Cruz put on the green and yellow of Oregon, becoming the most spectacular walk-on there since Otis Davis, also a converted basketball player, won the 1960 Olympic 400 meters. When it came to the question of who would guide Cruz, Oregon coach Bill Dellinger, the Olympic bronze medalist at 5,000 meters in 1964, insisted on no pride of place. "Hey," says Dellinger, "it was unique. We didn't choose him. He and Luiz chose Oregon. There's no way I'm going to say, 'Well, you can come but you have to be coached by me.' " Though he is still very much in school, Cruz has decided not to run for the Oregon team next season. His training schedule is geared for a late summer peak, and NCAA rules don't allow him to have a shoe contract, which is what he needs to move his mother and sisters into a better house in Brasilia and get treatment for a 5-year-old nephew who is deaf. Faced with this, Dellinger was equally understanding: "People wail to me that we only had him for two years, but I say this man did more in two years here than anyone else in a lifetime."
Cruz's training in 1983 was designed simply to return him to full strength. Still, he won the NCAA 800 in 1:44.91.

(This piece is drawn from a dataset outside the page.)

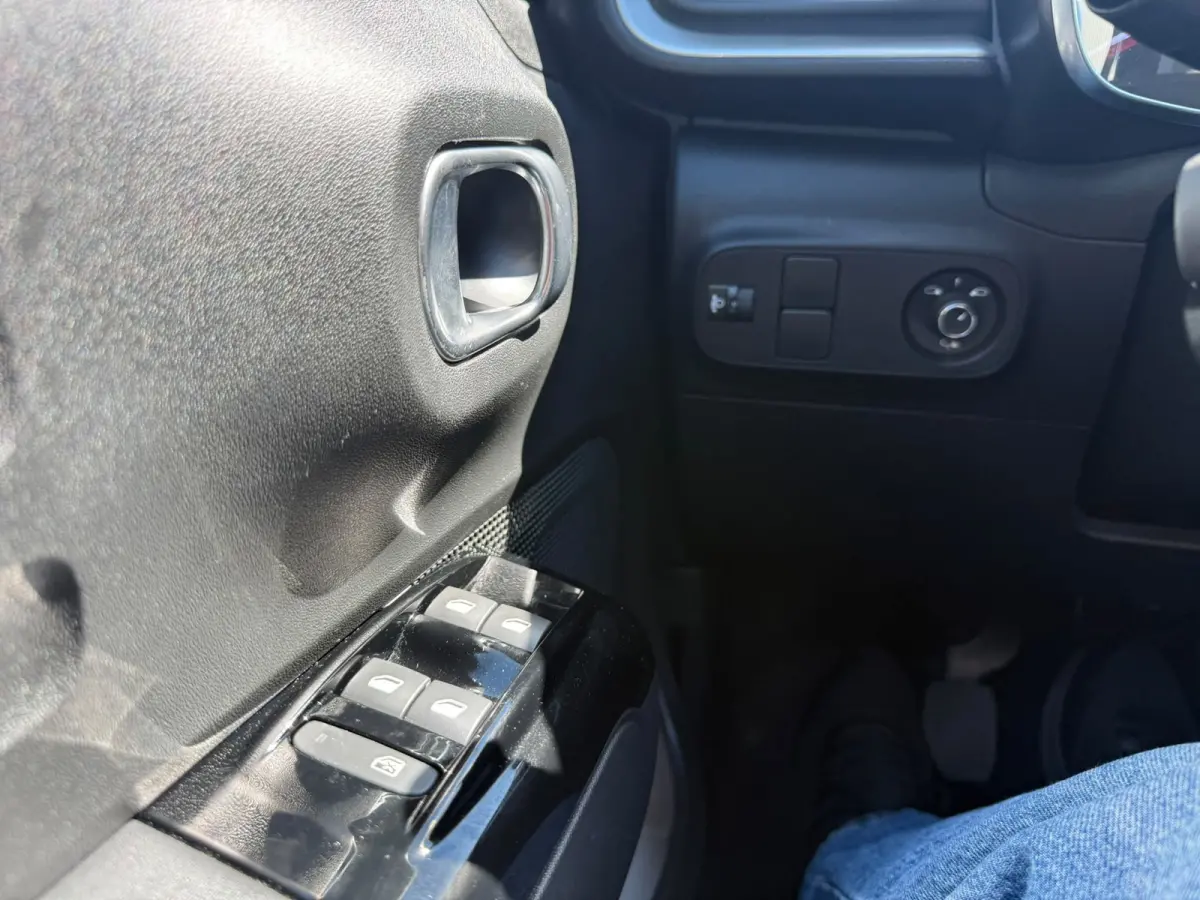 1.2 PureTech Shine, Navi, Camera, Airco, Dealer auto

"I took 45 days to rest, and to think, too," he says. "It was time to take something seriously, to be somebody. And I knew that, but when I thought of it, I was afraid. I worried about celebrity and the press, about being used. I weighed it all. And just before I started working out. I swore to myself, 'O.K., this is what I want and am going to get.' Then I worked very carefully not to get hurt. When you want something in the way I did, nothing will put you off. I had bad days, when I was crying as I did my workouts, but I kept in my mind what it was for. I learned that track isn't hard. Training is hard."

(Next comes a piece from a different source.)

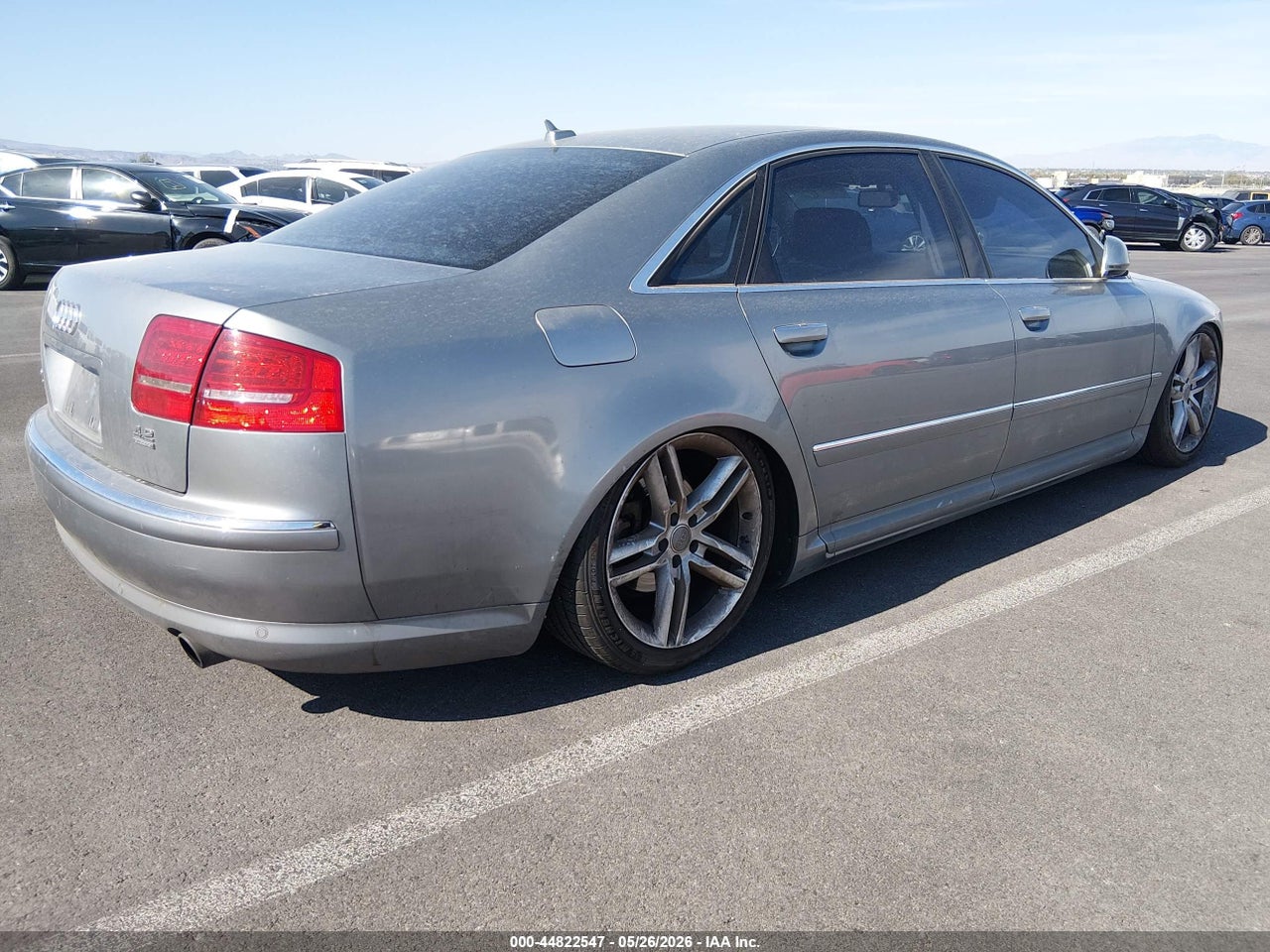 2010 AUDI A8 L 4.2 · 4/11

In the fall, de Oliveira had him begin with two-hour sessions of constant running interspersed with jumping and gymnastics. In the winter he did long-distance runs, weightlifting, mountain running, intervals, fartlek, uphills, speed drills, tempo runs and circuit training (a series of exercises done at stations beside a trail, sprinting from one station to the next, which Cruz associates with nausea).
De Oliveira has advanced the state of his art by looking hard at the essence of middle-distance running: An athlete burns more oxygen during a race than he can take in. He has devised some fiendish ways to "defend against oxygen debt," as he puts it. The most dramatic and dizzying is training by holding your breath.
"When you do 1:14 pace for 600 meters and you have 200 to run," he says, addressing maybe three people on the planet, because that is 1:39 pace for the 800, "You are going to be in lactic acid distress. This gets you so you don't feel destroyed by it." Cruz holds his breath for distances up to 75 meters in his circuits, and runs 300-meter intervals (in 40 seconds each) without breathing for the last 40 meters.
Cruz arrived at the Olympics in the best shape of his life. The 800 field was one of the most powerful and complete of the Games, unaffected by the boycott. Yet Cruz won his heat and quarterfinal in the extravagant times of 1:45.66 and 1:44.84. In the semifinal, Edwin Koech of Kenya tore ahead and passed the 400 in a flaming 49.6. "I heard '49' and thought. 'A lot of people are going to die here,' " said Cruz. " 'In the last 100 I'll have more left.' "
He did and rolled past Koech to win in 1:43.82, his best ever. Behind him, defending champion Steve Ovett of Great Britain had to dive across the line just to qualify in fourth, in 1:44.81.
Coe, who had won his semifinal in a far less taxing 1:45.51, had watched Cruz's gaudy run. "He's either in supreme physical condition or just a little foolhardy," he said. "If he's both, we'd better all watch out tomorrow."